C’est aussi pour ça que l’appréhension du bien-être numérique par le seul prisme du temps d’écran peut avoir ses limites. Il convient par exemple de faire la différence entre un collaborateur/utilisateur passant 3h30 d’affilée sur un réseau social pour servir son bénéfice (recherche ciblée, prospection, etc.), d’un collaborateur/utilisateur happé par la machine scrollant sans but, ni même vraiment celui de se divertir ; ou encore d’un collaborateur/utilisateur fuyant les réseaux sociaux de peur de ne pouvoir les utiliser correctement. Pas certaine que ces trois profils aient besoin des mêmes leviers de sensibilisation à la cybersécurité.

C’est apparemment ce qu’a fait la fonctionnalité « Bien-être numérique » de Google, si on l’en juge la teneur des commentaires dans les stores. Installée depuis 2018 sur les smartphones Android, elle cherche à aider les utilisateurs hyperconnectés à décrocher (Colorisation en gris des réseaux sociaux, fermeture d’application, coupure des notifications, régularisation du temps, etc.). Résultat : une déferlante de critiques. « Intrusive », « infantilisante », « sans concession » « ultra énervante », et même pousse au crime, si l’on en croit certains utilisateurs.

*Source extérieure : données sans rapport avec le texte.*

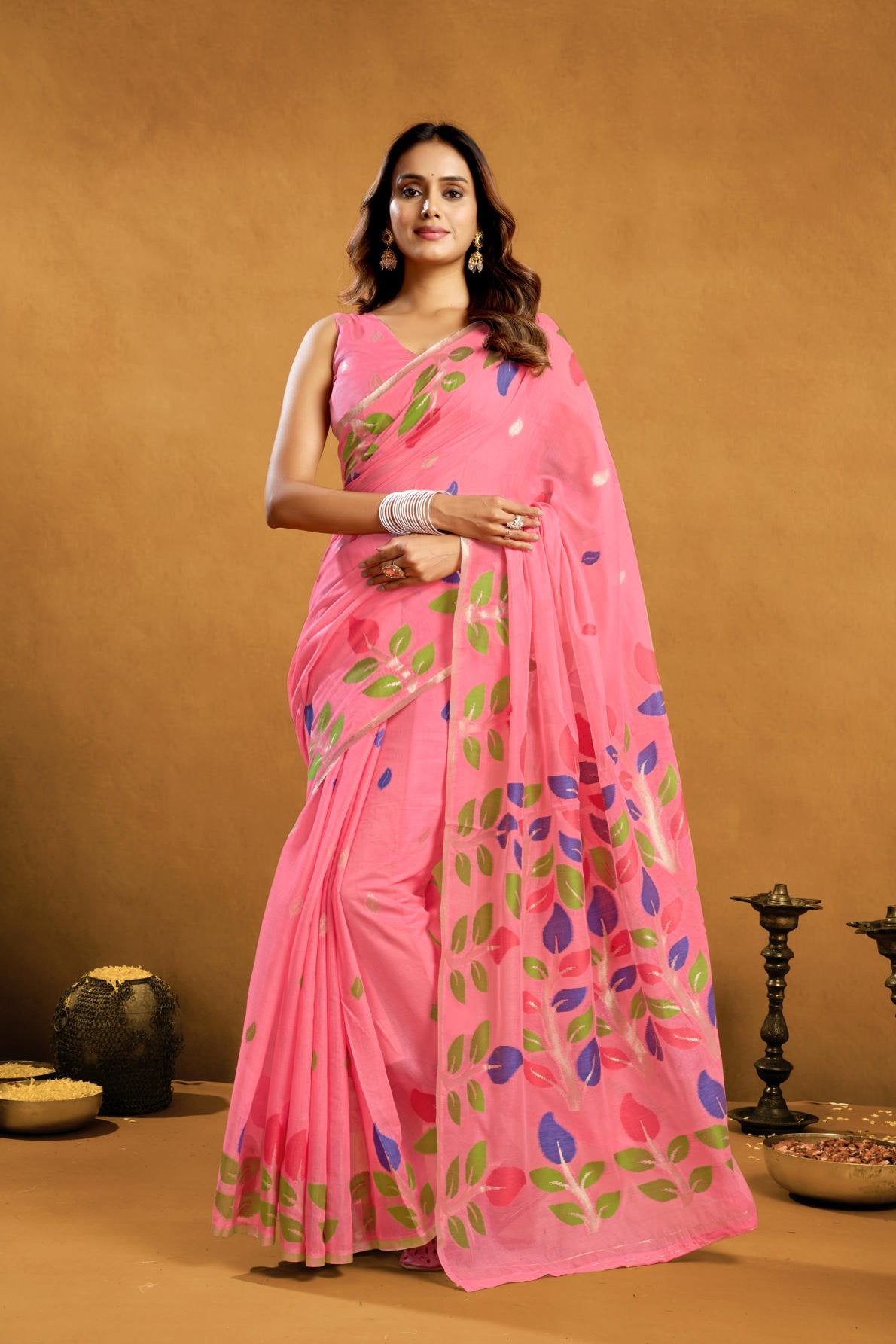 A Pure Cotton Spun Saree featuring exquisite all-over floral Jamdani weaving. The saree is accompanied by a running blouse piece detailed with all-over leaf weave butties and a matching border, available as a six-piece set.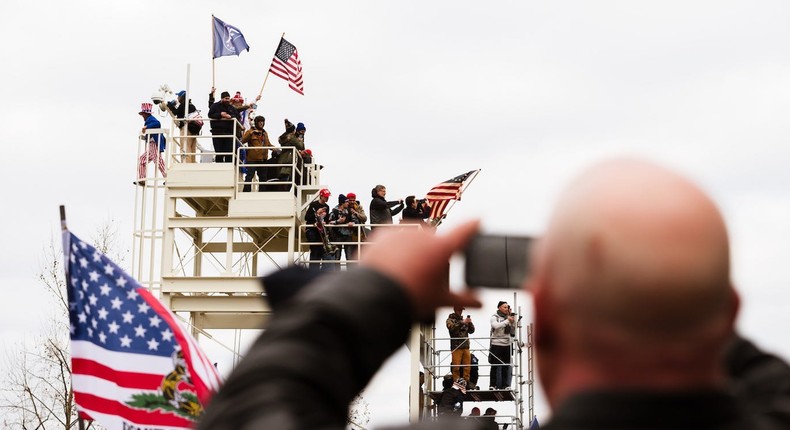 A pro-Trump protester takes a photo of other protesters who climbed a media platform after breaking through barriers onto the grounds of the Capitol Building on January 6, 2021 in Washington, DC.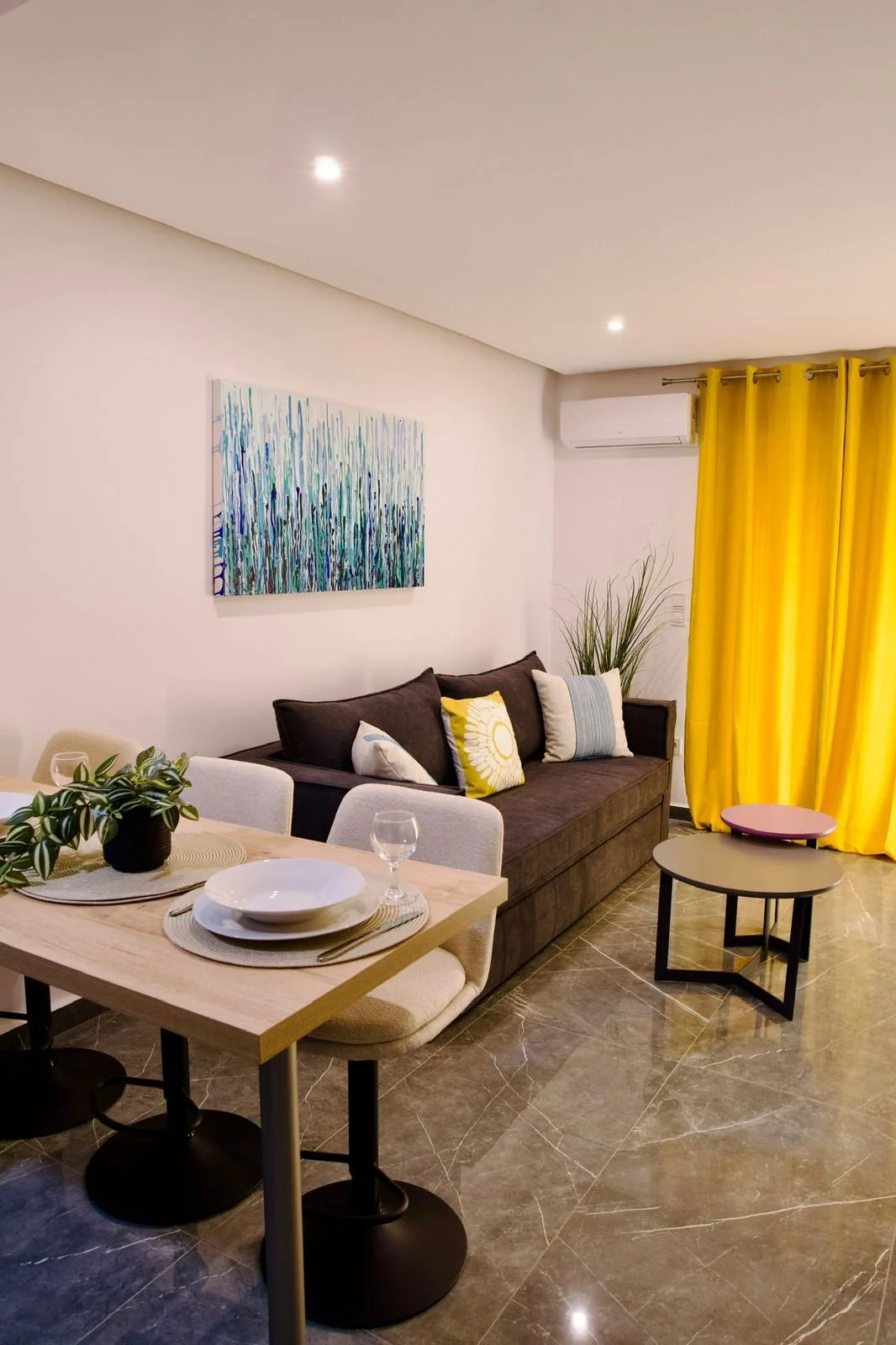 Living room with brown sofa, yellow curtains, abstract wall art, dining table with plates, glasses, and plant, marble floor. Greece, Investment, Golden Visa, Real Estate, Cyprus, Georgia, Lebanon, LPI, Athens.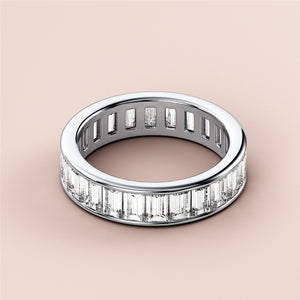 Elegant 14K or 18K white gold baguette diamond eternity wedding band featuring sparkling baguette-cut diamonds in a classic design.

Comme nous le faisons à l’ISSA France pour les jeunes, et ce sera la conclusion de cette réflexion, le bien-être numérique ne peut se fonder que sur les propres choix des collaborateurs. C’est une chose de leur donner des clefs de compréhension et de réflexion pour qu’ils façonnent leur bien-être et leur protection numériques, c’en est une autre de leur dicter leur conduite. S’ils veulent mieux vivre le numérique (c’est une certitude), ils ne veulent y parvenir que par eux-mêmes, avec un peu d’aide, mais en conservant leur indépendance et leur liberté d’action.